◆ What you are asked to do:
Go through the data and retrieve each line that includes the string "Apartment".

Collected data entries
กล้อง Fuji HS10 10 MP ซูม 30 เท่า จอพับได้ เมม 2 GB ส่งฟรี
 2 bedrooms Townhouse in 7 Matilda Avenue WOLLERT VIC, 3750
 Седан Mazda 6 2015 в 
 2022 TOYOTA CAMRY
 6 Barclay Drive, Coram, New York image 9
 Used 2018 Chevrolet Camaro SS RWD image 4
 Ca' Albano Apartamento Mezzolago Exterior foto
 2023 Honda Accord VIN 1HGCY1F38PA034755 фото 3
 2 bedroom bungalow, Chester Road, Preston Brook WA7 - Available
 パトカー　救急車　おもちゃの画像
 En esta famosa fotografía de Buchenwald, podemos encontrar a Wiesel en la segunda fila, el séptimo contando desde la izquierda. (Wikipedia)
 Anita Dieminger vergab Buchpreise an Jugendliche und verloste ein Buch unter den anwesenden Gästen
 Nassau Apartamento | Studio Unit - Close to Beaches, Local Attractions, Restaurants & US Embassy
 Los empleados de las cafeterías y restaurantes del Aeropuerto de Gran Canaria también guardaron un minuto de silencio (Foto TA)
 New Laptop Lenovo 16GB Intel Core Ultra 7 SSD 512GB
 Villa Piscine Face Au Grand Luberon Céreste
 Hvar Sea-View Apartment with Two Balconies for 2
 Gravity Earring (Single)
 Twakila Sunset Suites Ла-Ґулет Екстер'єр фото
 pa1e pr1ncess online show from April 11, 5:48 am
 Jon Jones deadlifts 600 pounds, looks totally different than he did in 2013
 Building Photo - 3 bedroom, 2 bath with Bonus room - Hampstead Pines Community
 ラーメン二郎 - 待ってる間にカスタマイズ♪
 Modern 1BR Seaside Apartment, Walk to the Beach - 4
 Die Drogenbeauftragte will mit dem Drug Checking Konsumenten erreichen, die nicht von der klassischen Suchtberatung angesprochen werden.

◆ Problem solution:
 Hvar Sea-View Apartment with Two Balconies for 2
 Modern 1BR Seaside Apartment, Walk to the Beach - 4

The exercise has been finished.